Basta pensare alle accoglienze turbolenti che il libro di Pansa ha avuto negli ambienti di sinistra, non necessariamente radicali.
Eppure sono passati sessant’anni da quegli avvenimenti. L’ideologia che ispirava i ‘’partigiani della pace'’ targati Pci e’ finita nella spazzatura della storia (dappertutto ad eccezione dell’Italia che conta ancora ben due partiti comunisti e un correntone DS che a tutti gli effetti e’ ancora comunista).
Mi permetto di ripetere cio’ che ho gia’ scritto in risposta ad altre lettere sull’argomento. Pansa scopre l’acqua calda quando accusa i comunisti di aver cercato di instaurare anche in Italia una ‘’democrazia popolare'’ alla cecoslovacca o alla polacca o all’ungherese.
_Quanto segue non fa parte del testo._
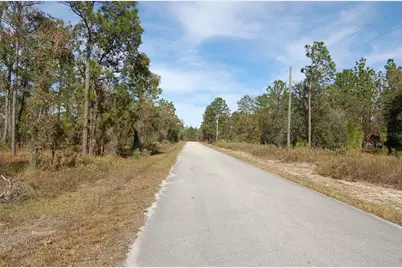 Lombardy Lane, Dunnellon, FL 34431 - Photo 2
Le sue rivelazioni in buona parte sono la riedizione di quanto il succitato Pisano’ e mio padre scrissero negli anni Cinquanta in una lunga inchiesta giornalistica pubblicata dal settimanale Oggi. Furono accusati di provocazione fascista e di infangare la lotta di liberazione.
Ma loro erano di destra e dunque per definizione in mala fede.
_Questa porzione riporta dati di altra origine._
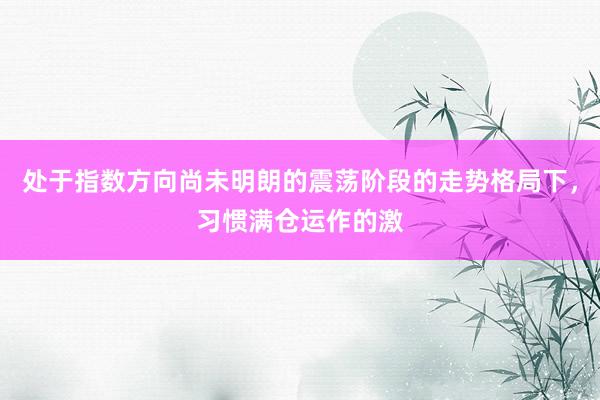 处于指数方向尚未明朗的震荡阶段的走势格局下，习惯满仓运作的激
Ora che Pansa senza rischiare nulla e anzi approfittando del trambusto per farsi pubblicita’ scrive piu’ o meno le stesse cose, l’intellighentia ne esalta la ricostruzione storica e il coraggio. Bah!

Come è noto, dal 1945 ad oggi, si è trattato molto degli avvenimenti del 43 - 45, e particolarmente della lotta partigiana, ma quasi sempre in chiave ideologica. Persino gli storici hanno teso a dare interpretazioni di comodo, che portassero acqua al molino della nascente Repubblica Italiana facendone discendere il carattere democratico dai valori cui si era ispirata parte della Resistenza e cercando di minimizzare se non di nascondere o alterare le azioni e le ragioni dell’altro contendente . E’ nata con loro la idea antinomica della “parte giusta” e della “parte sbagliata”.
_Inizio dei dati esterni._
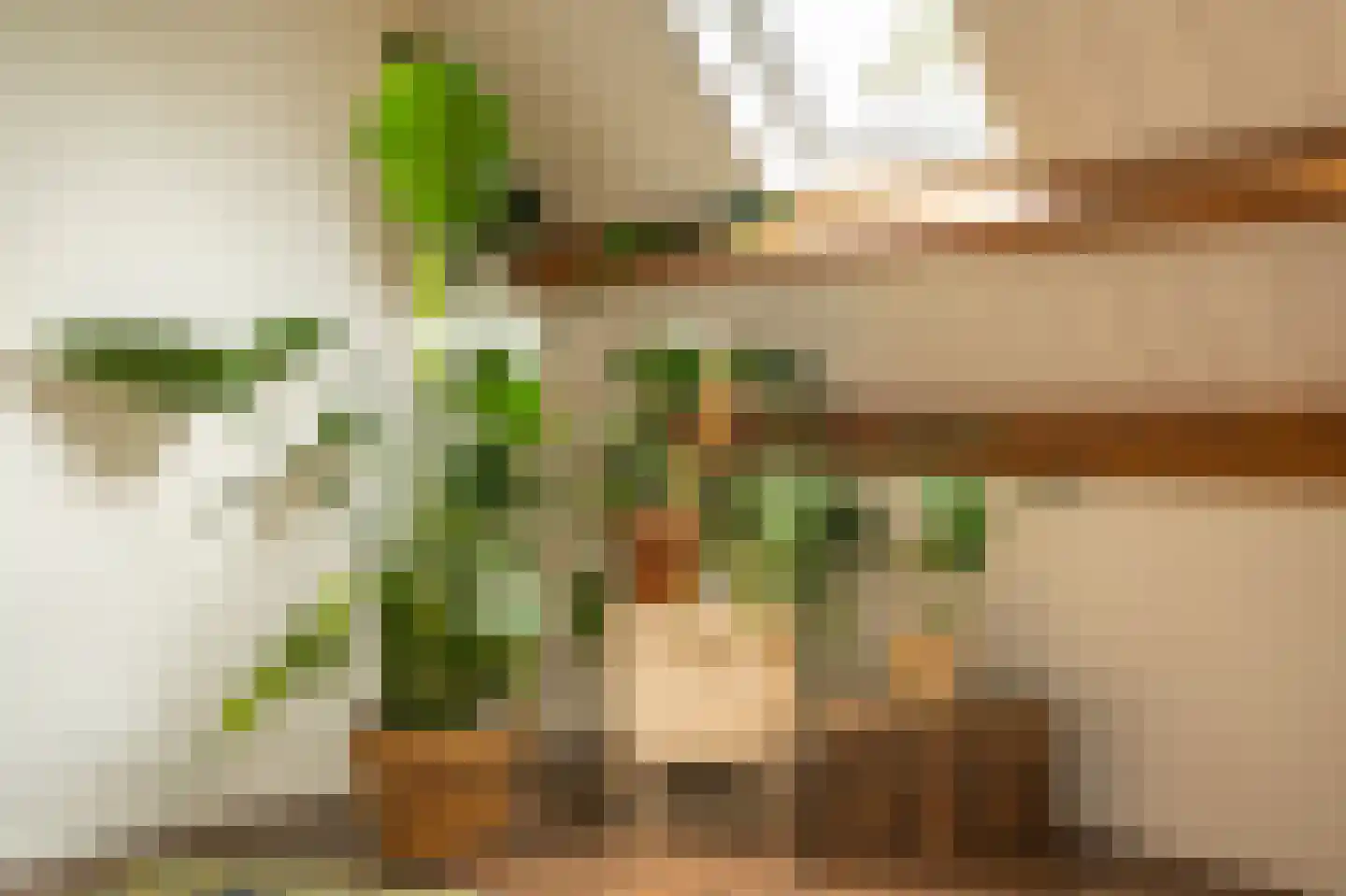 Waaldijk 10 Herwijnen thumbnail 43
I partecipanti alla Resistenza e i loro eredi, forti della vittoria ottenuta dagli Eserciti Alleati sulla Germania, hanno espresso idee totalizzanti, che tendevano ad attribuirsi il merito della liberazione dell’Italia dal nazifascismo, accusando di ogni orrore - anche al di là della verità - i Reparti belligeranti della Wermacht e della RSI, non facendo alcuna distinzione tra “stragi” e “rappresaglie” e oscurando le responsabilità della Resistenza in tali episodi.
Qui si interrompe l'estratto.